INSTRUCTIONS TO FOLLOW –
Every line from the one holding "Disney Hocus Pocus" through the one holding "VEJA Campo Chromefree" in the data below must be returned exactly, both ends included, with pictures left out and nothing else added.

DATA FOR REVIEW –

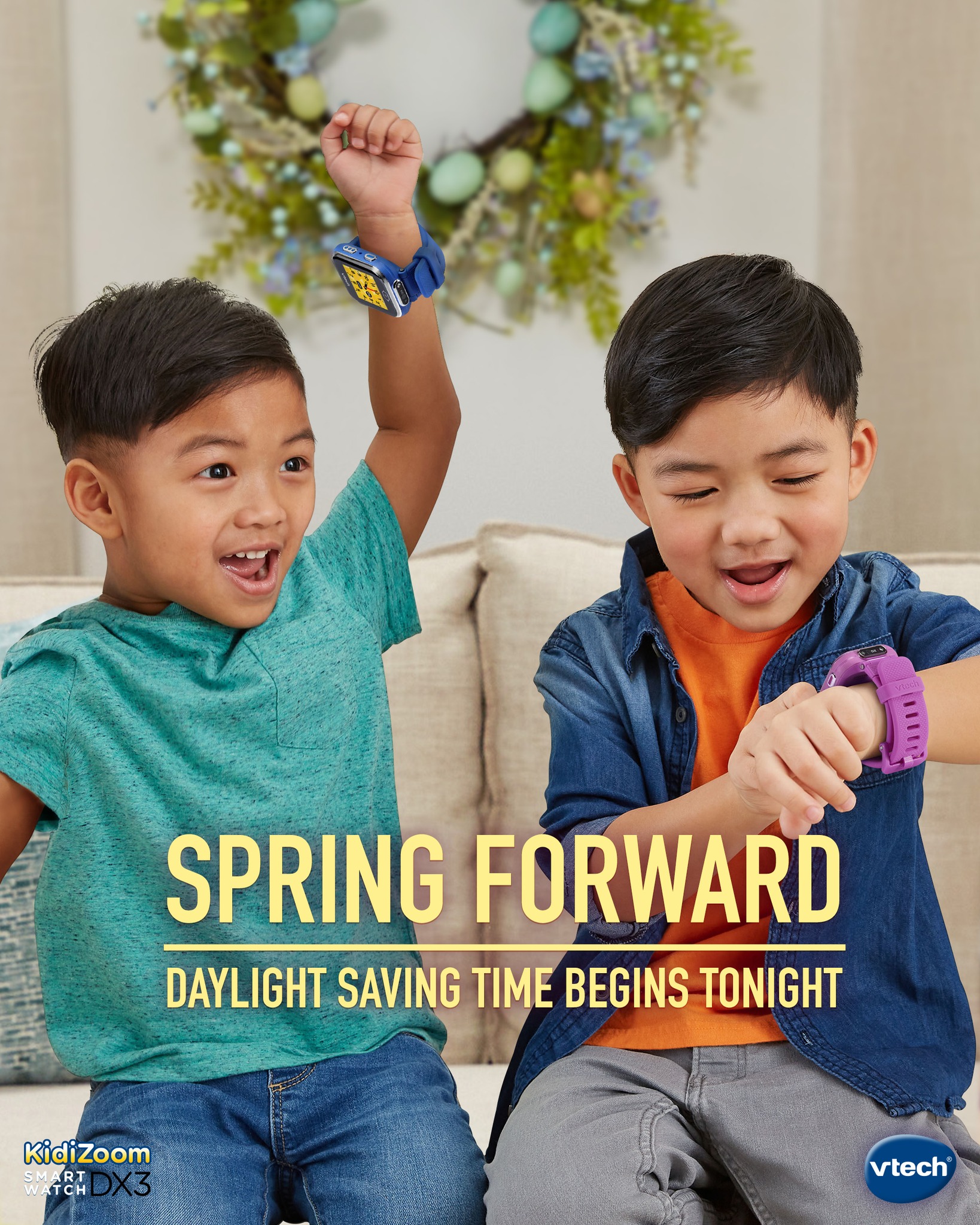 VTech - Hands up if you remembered Daylight Saving Time begins tonight ...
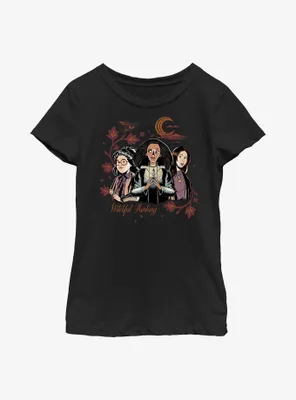 Disney Hocus Pocus 2 Witchful Thinking Youth Girls T-Shirt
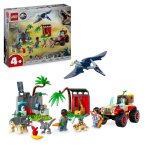 Lego 76963 jurassic world le centre de sauvetage des bbs dinosaures jouet avec figurines triceratops ...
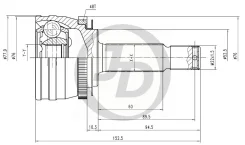 ���� �������� ABS 151545 (F0086714) JD [JCT0105A] JCT0105A ����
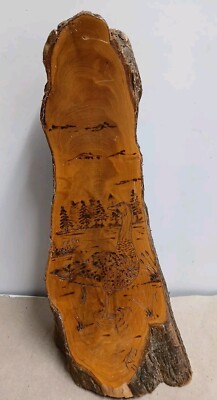 Midcentury Modern Vintage Cypress Knee Sculpture Art Mod Farmhouse 16 Inch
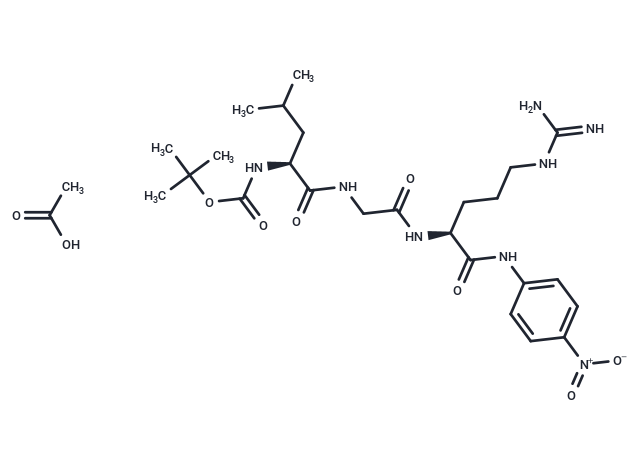 Boc-Leu-Gly-Arg-pNA acetate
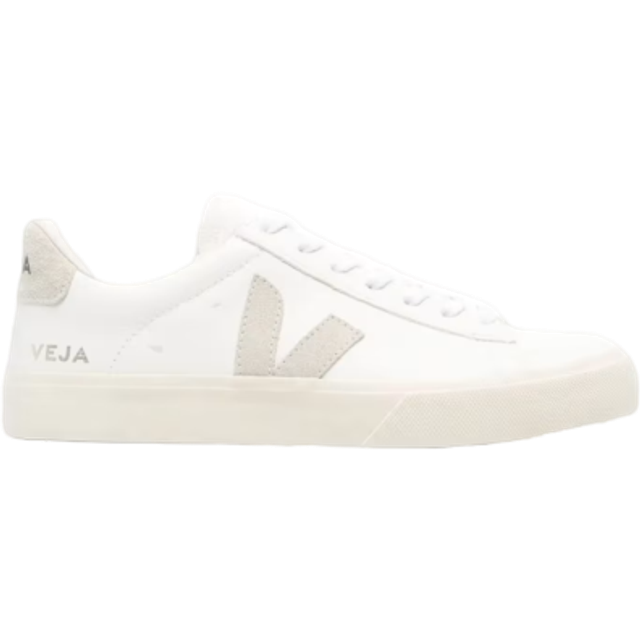 VEJA Campo Chromefree Leather Extra White Natural Trainers Size: 35, C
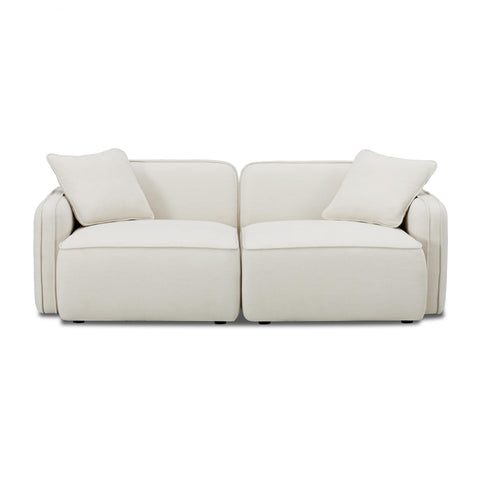 Travie Contemporary Upholstered Modular Sofa with Armrests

YOUR RESPONSE –
 Disney Hocus Pocus 2 Witchful Thinking Youth Girls T-Shirt
 Lego 76963 jurassic world le centre de sauvetage des bbs dinosaures jouet avec figurines triceratops ...
 ���� �������� ABS 151545 (F0086714) JD [JCT0105A] JCT0105A ����
 Midcentury Modern Vintage Cypress Knee Sculpture Art Mod Farmhouse 16 Inch
 Boc-Leu-Gly-Arg-pNA acetate
 VEJA Campo Chromefree Leather Extra White Natural Trainers Size: 35, C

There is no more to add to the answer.